Di milord Arlington è opinione che abbia una stretta dimestichezza con madama Scrup, dama d'atours della regina, subentrato, per quanto si dice, all'abate d'Aubigny, grand'elemosinario, di cui ho inteso con mia gran maraviglia che, oltre al divertimento delle dame, ammettesse anche il trastullo de' giovani, che in questa materia tenesse uno strettissimo commercio col duca di Buckingam. Questa opinione è tanto contraria al concetto che io avevo della virtù di questo degno ecclesiastico, che non potendone con tutto ciò la stima e la venerazione, fo violenza al mio intelletto obbligandolo a non prestar fede a così iniqui rapporti, e mi dichiaro di scriverli come eccessi della calunnia, non come ritratti del vero.

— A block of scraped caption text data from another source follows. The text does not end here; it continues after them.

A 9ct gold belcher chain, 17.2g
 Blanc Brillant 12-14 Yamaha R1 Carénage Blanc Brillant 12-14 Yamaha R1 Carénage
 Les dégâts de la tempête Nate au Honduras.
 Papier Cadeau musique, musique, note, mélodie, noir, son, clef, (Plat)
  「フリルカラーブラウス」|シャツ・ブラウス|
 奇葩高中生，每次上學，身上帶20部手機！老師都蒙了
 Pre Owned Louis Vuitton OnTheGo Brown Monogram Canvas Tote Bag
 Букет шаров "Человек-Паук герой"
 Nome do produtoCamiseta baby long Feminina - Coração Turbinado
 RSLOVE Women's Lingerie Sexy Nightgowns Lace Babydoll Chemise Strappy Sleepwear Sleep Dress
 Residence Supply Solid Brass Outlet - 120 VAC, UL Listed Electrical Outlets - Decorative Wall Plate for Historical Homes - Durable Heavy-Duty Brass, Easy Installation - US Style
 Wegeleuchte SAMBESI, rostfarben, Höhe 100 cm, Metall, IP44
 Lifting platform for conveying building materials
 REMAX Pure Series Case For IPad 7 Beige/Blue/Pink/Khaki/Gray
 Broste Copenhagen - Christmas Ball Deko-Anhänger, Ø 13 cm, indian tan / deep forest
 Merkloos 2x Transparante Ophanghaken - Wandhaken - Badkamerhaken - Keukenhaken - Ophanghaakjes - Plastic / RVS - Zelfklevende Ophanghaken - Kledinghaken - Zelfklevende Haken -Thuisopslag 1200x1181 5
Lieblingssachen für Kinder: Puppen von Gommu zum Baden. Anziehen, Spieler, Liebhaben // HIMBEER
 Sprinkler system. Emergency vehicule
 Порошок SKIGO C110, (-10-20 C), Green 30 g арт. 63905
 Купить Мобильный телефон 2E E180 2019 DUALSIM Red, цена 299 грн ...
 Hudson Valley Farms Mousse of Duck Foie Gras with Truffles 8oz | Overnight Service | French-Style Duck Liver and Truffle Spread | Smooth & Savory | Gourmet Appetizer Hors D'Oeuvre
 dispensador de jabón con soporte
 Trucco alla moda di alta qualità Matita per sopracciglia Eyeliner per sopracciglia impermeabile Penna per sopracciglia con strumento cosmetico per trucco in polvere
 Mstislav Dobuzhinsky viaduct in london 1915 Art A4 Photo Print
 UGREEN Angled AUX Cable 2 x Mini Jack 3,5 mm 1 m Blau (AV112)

Qui si riducono gli intrighi più nobili della corte. L'entrare adesso per minuto nei rigiri e negl'amori particolari di tutte le figlie d'onore e delle dame che frequentan la corte, sarebbe opera di non venire a capo; ed io confesso, prima, di non saperli tutti, e di molti che mi sono stati detti averne perduta la memoria, come di cose che consiston nella notizia di due soli nomi -- il tale con la tale, e non altro -- , senza portare alcuna conseguenza né avere alcun legamento con gli interessi delle persone reali.
Mi par bene di poter fermare una massima senza far torto a chicchessia: che trattandosi delle dame di corte e di Londra, ci sia poco del netto. Nel resto del Regno mi dicono esserci più innocenza; ma nella città dominante passa per povertà di spirito, e non per virtù, la moderazione nelle donne. Amano però gente nobile, perché son superbe, e gente linda e ben fatta, perché lo fanno per gusto loro, toltone quelle che son spinte dalla necessità, le quali sono universalmente appestate. Onde in Inghilterra è tutto il rovescio del proverbio che dice: «Chi non paga la puttana paga il medico». Ve n'è qualcuna di quelle che vogliono dei lacchè, ma guai a loro se arriva mai a risapersi, poiché perdono subito il credito e la reputazione, non meno tra le donne che tra gli uomini.